Not many consumers (or mortgage originators for that matter) are familiar with how the market for interest rates actually works. That said, let me provide a brief explanation:
When a consumer decides to “lock” a rate the mortgage originator contacts the lender (aka “investor”, “bank”, “wholesale lender”) and sends a lock request. Once the lender receives the lock request they immediately “hedge” this lock. This means that they commit money to protect that interest rate in the event that mortgage rates should drastically change from that day until 30 days when the lock expires. Lenders make this investment of money under the assumption that the mortgage originator and consumer will act in good faith to actually deliver the loan they are locking. If the mortgage is not delivered then the lender loses out on the money they used to hedge this lock.

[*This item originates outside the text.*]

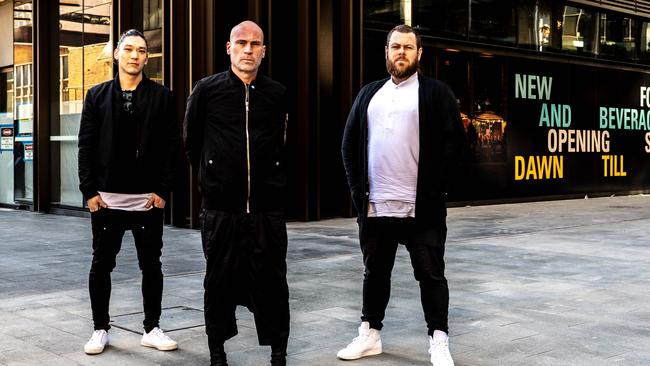 CicciaBella’s head chef Nic Wong, restaurateur Maurice Terzini and general manager Dave Owen in front of the Parramatta Square site of their new venture. Picture: Monique Harmer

This is currently costing lenders $ millions of dollars across this country. We recently got this email from a wholesale lender we work with:
I felt it was time to let all of our customers know how very important it is to close locked loans with your lenders; especially the ones with (named firm)! I admit; I may be a little one-sided as far as (named firm) goes but please take the time to read the following.

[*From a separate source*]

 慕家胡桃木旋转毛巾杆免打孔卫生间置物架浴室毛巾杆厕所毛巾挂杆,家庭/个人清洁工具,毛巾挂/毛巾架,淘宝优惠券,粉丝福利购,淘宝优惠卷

Wholesale Lenders buy lock-in coverage every time you lock a loan with them. That coverage costs money and it costs more and more money the longer the lock is in place. Lenders don’t expect EVERY lock to come through but based on historical averages they do expect 75 – 80% of them to come through. That isn’t happening today and it’s costing wholesalers a fortune.
So, you ask, how much does it really cost? And the answer is that I can’t give you an exact answer because it changes by the minute. For example, if you locked a $200,000 loan at 6.00% and didn’t close it and we were at 5.75% in 30 days when we found that out, the cost may be around $750. But if rates went down to 5.50% during that time the cost may be four times that amount or $3,000. And the cost keeps going up exponentially the bigger the spread between your locked loan and the current market. You can see how in this environment lenders can quickly have large losses on locked loans that are not delivered.
We realize that you have customers to contend with and the news media touting lower rates. But I ask you to Please, Please, Please don’t lock your loan if you can’t deliver it and don’t swap your pipeline again and again between lenders. If these things aren’t adhered to you will soon see all lenders charging for locks or simply refusing to do business with brokers that don’t have the required pull-thru. We are looking at pull-thru more and more in making our decisions and expect to have some tougher policies starting next year for pull-thru offenders.
The bottom line is that we value our customers and want to do what’s best for them. However, we also value the sources of the money that we’re able to lend. That said, we will do our best to provide the best rates and terms available. But we do request that our customers only lock a rate if they truly intend on delivering a loan on that lock.